Cheikh Kamel Djaït : Son dernier acte était d'offrir sa bibliothèque
L’avait-il pressenti! Quelques semaines seulement avant sa disparition le 22 décembre dernier, à l’âge de 90 ans, cheikh Kameleddine Djaït avait fait don à la Bibliothèque Nationale (BN) de l’ensemble de sa bibliothèque, un fonds documentaire bien précieux, hérité de plusieurs générations.
Un geste significatif qui consacre une vie vouée au savoir et au partage. Cheikh Kameleddine Djaït, né en 1922, ancien Moudaress à la Grande Mosquée et à la Faculté Ezzitouna de théologie et des sciences religieuses et ancien Mufti de la République (1998 - 2008), avait longtemps incarné les nobles valeurs héritées de ses aïeux.
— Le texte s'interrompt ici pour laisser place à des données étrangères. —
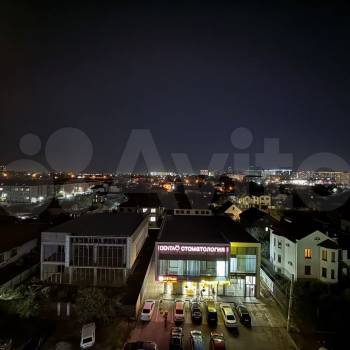 Продается 1-комнатная квартира, 24 м²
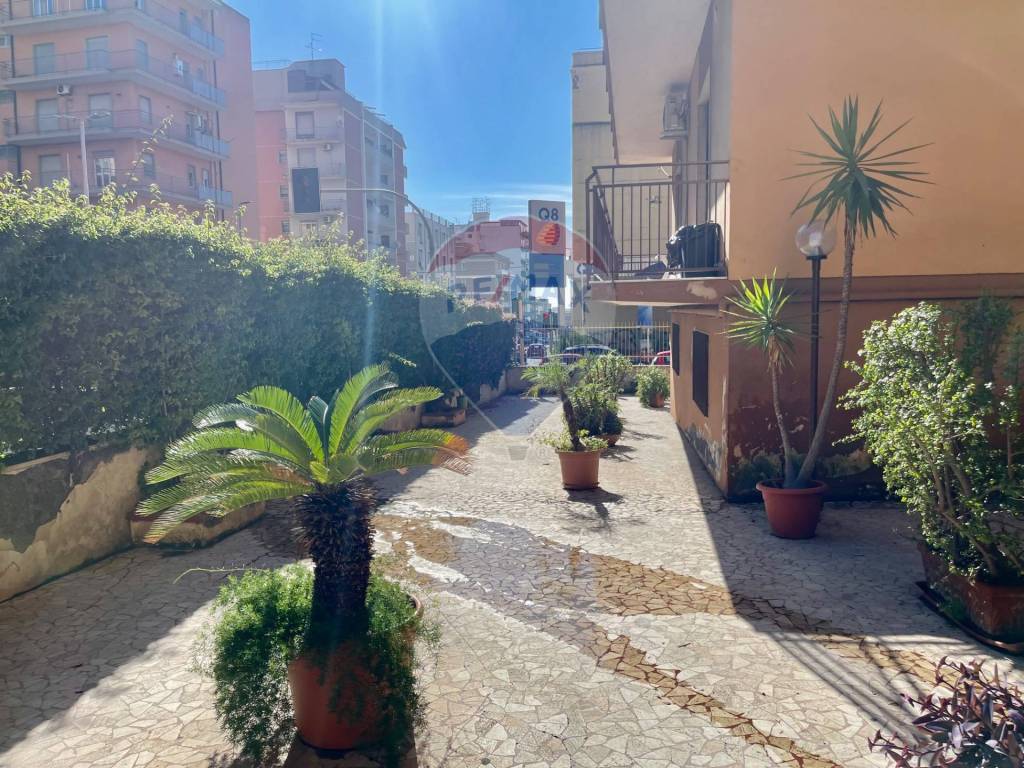 Appartamento a Catania in Via Milo, 19 - Foto 4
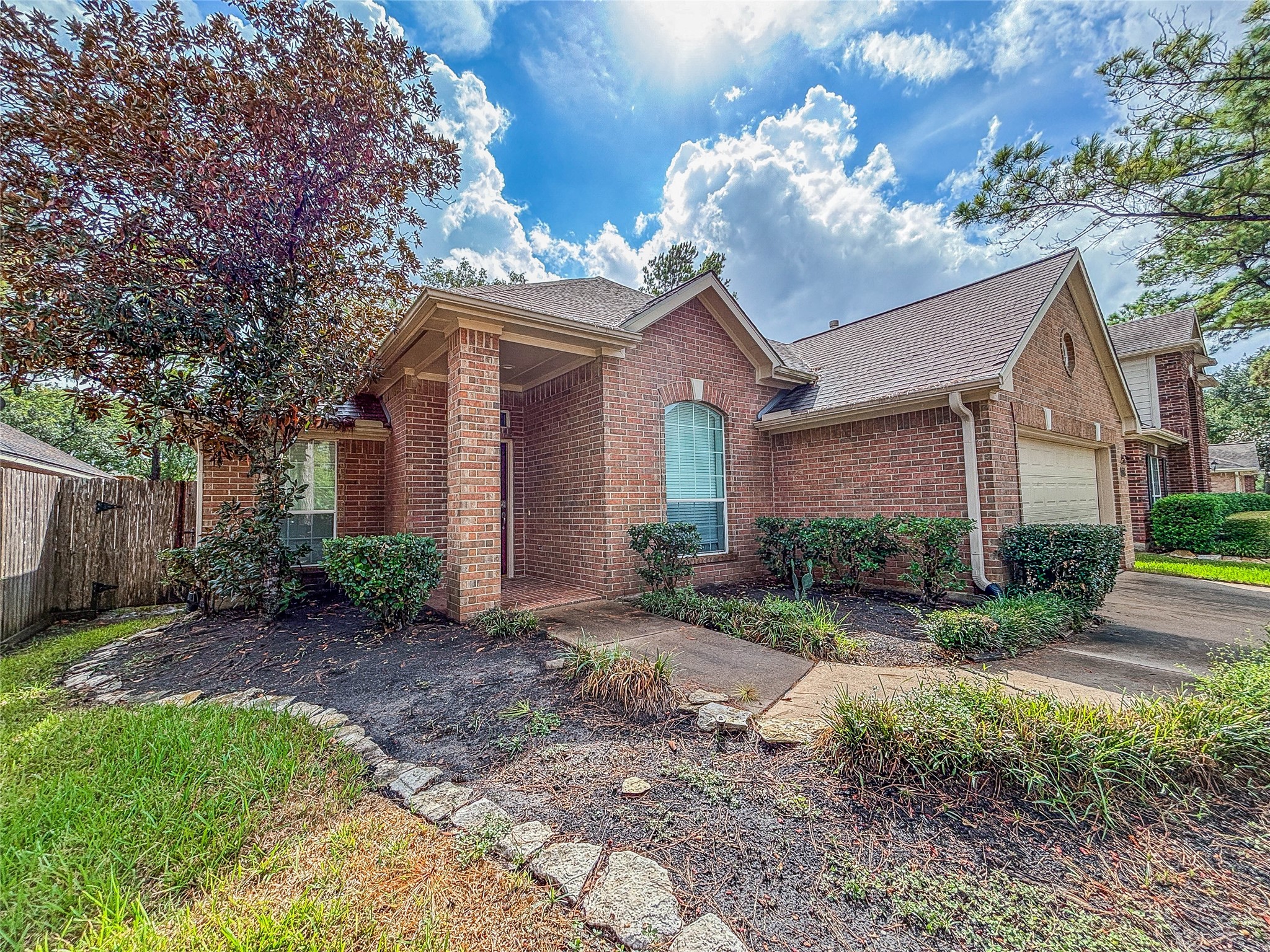 18027 Brookes Bend, Houston, TX 77094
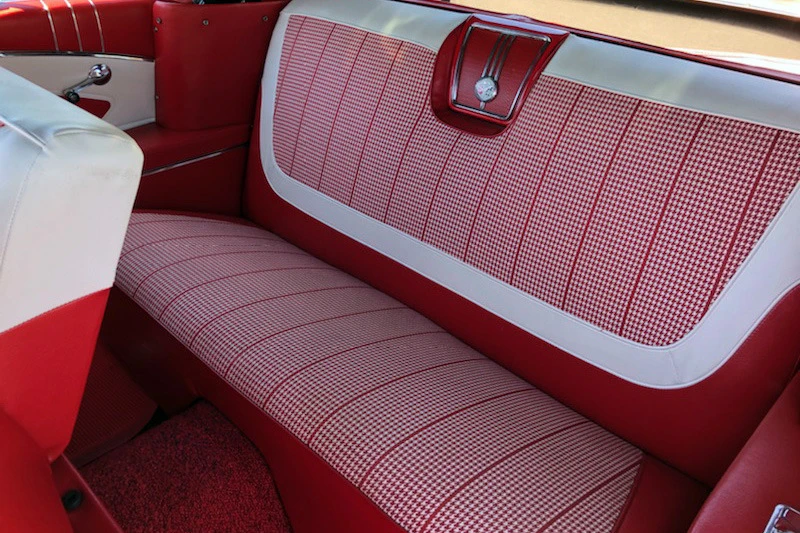 1960 Chevrolet Impala 2nd Gen - Image 5 of 6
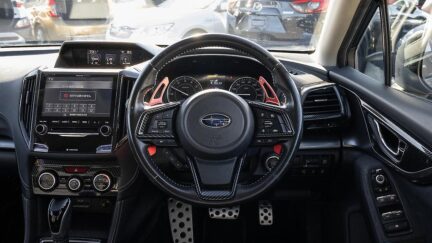 2016 Subaru Impreza Sport 2.0i-L Eyesight image 346867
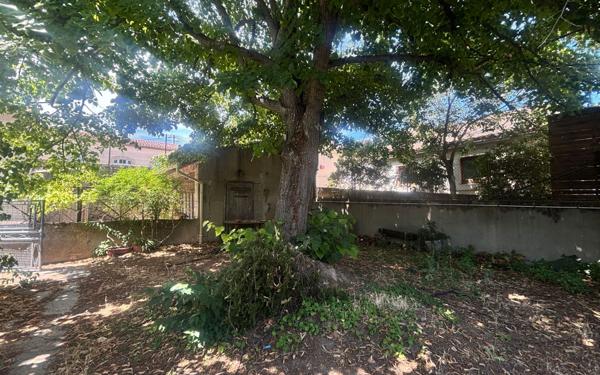 Maison à vendre    4 pièces •  Carcassonne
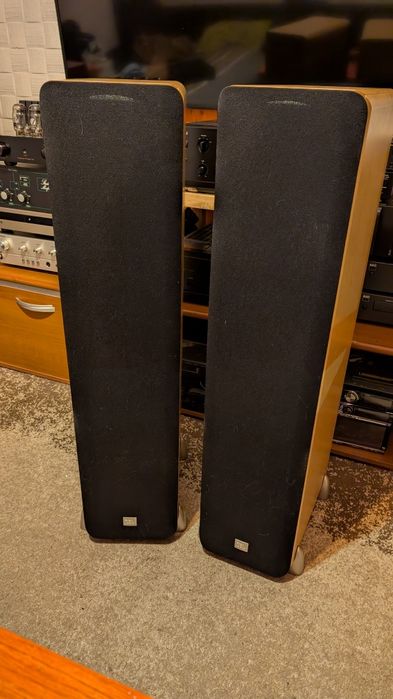 Jbl L 880 ( schimb) boxe de top cap serie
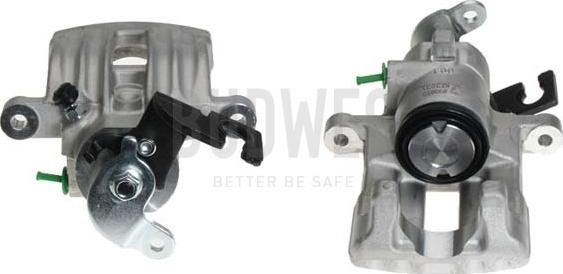 Budweg Caliper 343036 - Əyləc kaliperi furqanavto.az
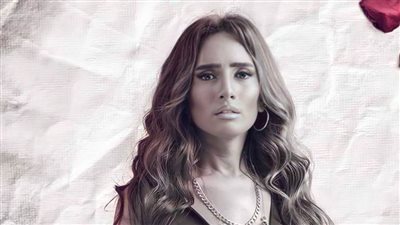 زينة عن مسلسلها الليلة واللي فيها : لا أهتم بالتريند ولا يشغلني إلا رأي الناس في الشارع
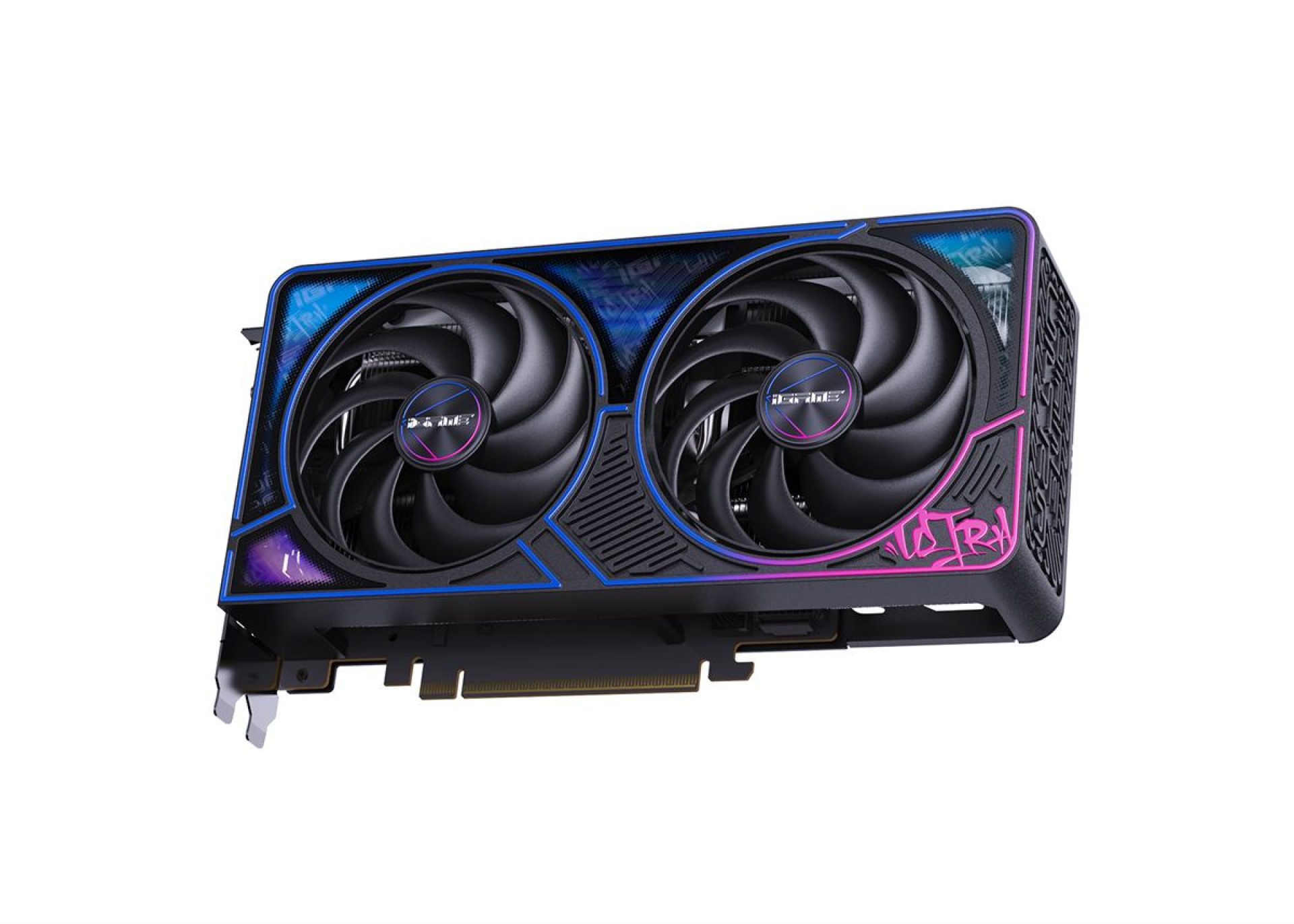 COLORFUL iGame RTX 50 Ultra Series (2)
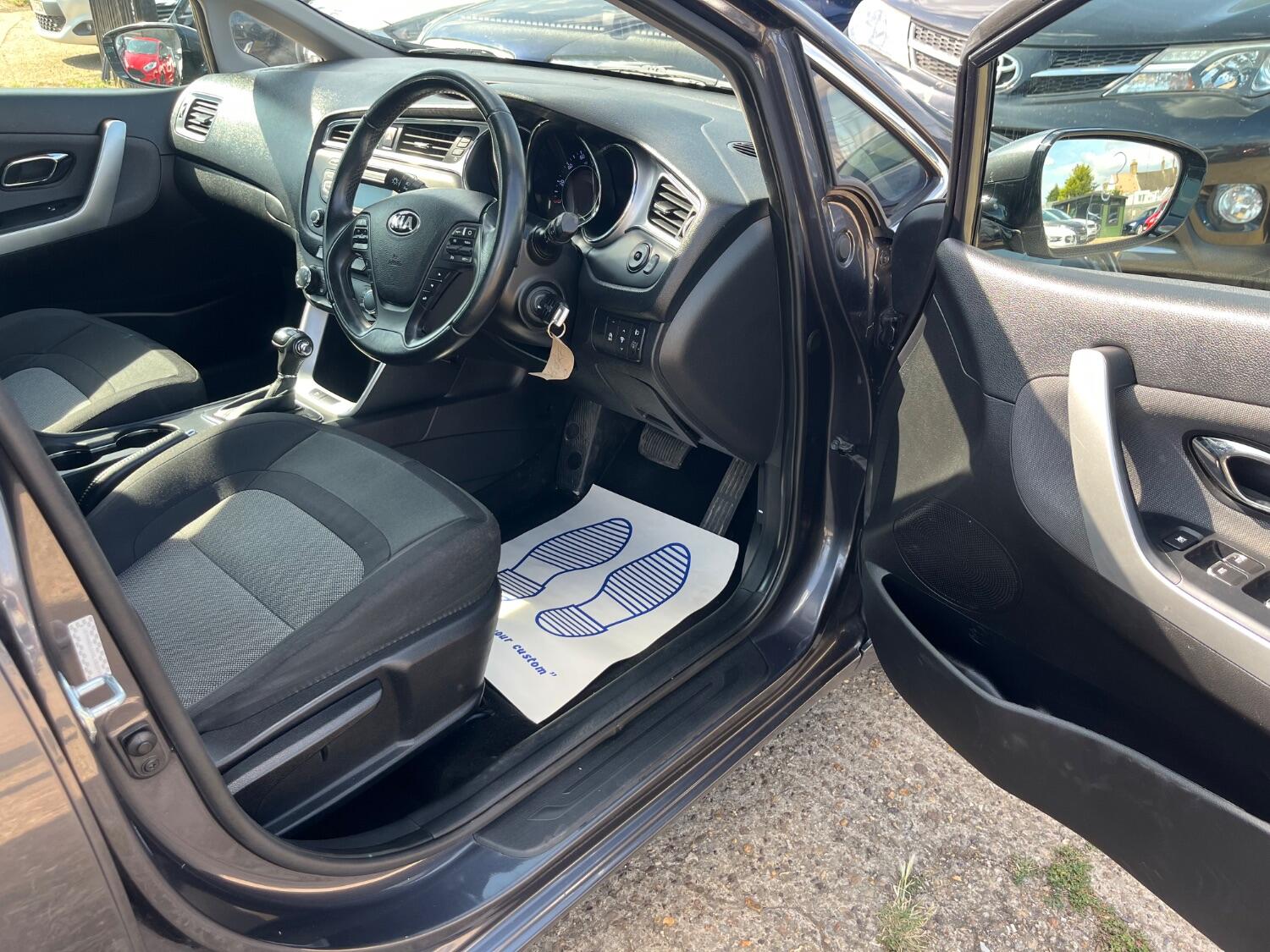 Used Kia Ceed 2016 for sale - 77014883: Photo 11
Son grand-père paternel Youssef Djaït (né en 1830 à Tunis et décédé en 1915) fut notamment ministre de la plume puis Premier ministre de 1908 à 1915. Quant à son père, Cheikh El Islam Mohamed Aziz Djaït (1886 - 1970), il fut Cheikh El Islam malékite en 1945 et en même temps ministre de la Justice de 1947 à 1950. Il a été premier Mufti de la République de 1957 à 1962 et l’auteur bien connu du projet de la célèbre Majallah (dite Majallat Cheikh Djaït) ancêtre du Code du statut personnel de 1956.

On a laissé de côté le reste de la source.